Farmer's Market, or Buyer's Market?

I read Michael Ruhlman's blog regularly for genuine insight and snarky commentary. I love that he goes out of his way to not only acknowledge when he's wrong, but to stand vocally and emphatically corrected.

In this installment, a casual mention of an article in the Cleveland Plain Dealer noting that our general assumption of a farmers' market is that of cheaper produce. Mr. Parsons, of course, set him straight.

One part of the Plain Dealer article that struck me is that the pricing of farmers' market produce was 28% higher than that of supermarket produce. Rather than being cheaper, it was considerably more expensive, on a percentage basis.

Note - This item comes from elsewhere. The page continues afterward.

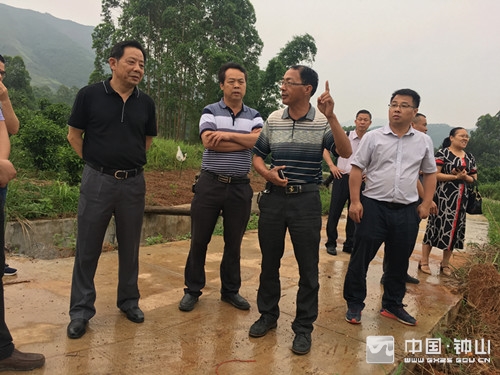 贺州市人大副主任廖成明深入凤翔镇同枝村考察扶贫项目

I suppose our (or at least my) assumption that farmers' markets would be lower stems from the prices you get out in the countryside as you drive by their farm. It's you that's incurring the expense of fuel and time to hunt down such bargains.

I've always found the charm to be, not of lower prices, but of higher quality and cutting out the middleman. (Middlemen are notorious and highly unpopular regardless of the setting.) By purchasing carrots from someone with dirt under their nails (put there by having pulled your newly purchased carrots out of the ground), you have shortened the path food takes in getting to you. There is also a more direct link between you and the person that grows (or at least picks) your food out of the ground.

Farmers' markets tend to, in my experience anyway, thrive most in areas with massive amounts of disposable income. My home in Mountain View, California, is about a mile from a massive farmers' market held near the train station downtown. Mountain View, of course, is also home to Google, a generator of several billionaires and more than a few millionaires. If their budget for the market that week was, say, $20.00, they would end up spending $25.60 instead. Hardly a deal-breaker. They're supporting the farmers directly, cutting out that pesky middleman, and getting a better product to boot.

And then there's the darker side...

I was having dinner, not surprisingly, while seated at a bar (Zucca in downtown Mountain View) when a gentleman sat next to me. He was was quickly recognized and acknowledged by several members of the staff including the owner himself. While chatting with various employees, there was some utterance about his farm. Thinking I may have misheard what was going on, I listened a bit more intently. Sure enough, farming was mentioned again.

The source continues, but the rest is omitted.